╭─ SUPPLIED DATA

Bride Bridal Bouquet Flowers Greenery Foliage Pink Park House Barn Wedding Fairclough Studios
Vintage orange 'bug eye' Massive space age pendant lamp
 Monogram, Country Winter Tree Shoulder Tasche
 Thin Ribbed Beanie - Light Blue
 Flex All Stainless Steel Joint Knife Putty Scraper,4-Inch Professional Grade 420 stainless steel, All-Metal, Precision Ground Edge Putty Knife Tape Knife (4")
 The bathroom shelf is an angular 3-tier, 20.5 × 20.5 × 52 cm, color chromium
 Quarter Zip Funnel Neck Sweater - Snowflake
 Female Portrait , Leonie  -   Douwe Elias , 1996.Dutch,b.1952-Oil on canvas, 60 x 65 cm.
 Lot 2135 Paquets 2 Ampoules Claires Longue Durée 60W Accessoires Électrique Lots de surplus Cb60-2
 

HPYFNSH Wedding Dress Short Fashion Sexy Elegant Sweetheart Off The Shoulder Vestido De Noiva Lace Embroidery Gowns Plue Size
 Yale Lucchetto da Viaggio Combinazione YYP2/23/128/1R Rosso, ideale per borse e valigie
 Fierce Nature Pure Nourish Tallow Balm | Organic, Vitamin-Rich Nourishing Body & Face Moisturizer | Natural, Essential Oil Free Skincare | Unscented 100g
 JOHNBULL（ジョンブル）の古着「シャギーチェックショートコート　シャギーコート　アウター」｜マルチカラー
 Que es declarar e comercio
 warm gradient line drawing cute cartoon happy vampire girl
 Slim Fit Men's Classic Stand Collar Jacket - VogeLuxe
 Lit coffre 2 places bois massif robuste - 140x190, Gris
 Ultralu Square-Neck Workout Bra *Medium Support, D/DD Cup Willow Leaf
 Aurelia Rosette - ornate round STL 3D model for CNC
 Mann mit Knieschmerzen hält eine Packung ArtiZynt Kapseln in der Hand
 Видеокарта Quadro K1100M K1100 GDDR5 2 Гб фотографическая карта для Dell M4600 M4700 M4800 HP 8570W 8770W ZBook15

╰─

■ **TASK DIRECTIONS**
Filter the records for the string "Shoulder" and copy every line that holds it.

■ **SOLVED EXERCISE**
 Monogram, Country Winter Tree Shoulder Tasche
HPYFNSH Wedding Dress Short Fashion Sexy Elegant Sweetheart Off The Shoulder Vestido De Noiva Lace Embroidery Gowns Plue Size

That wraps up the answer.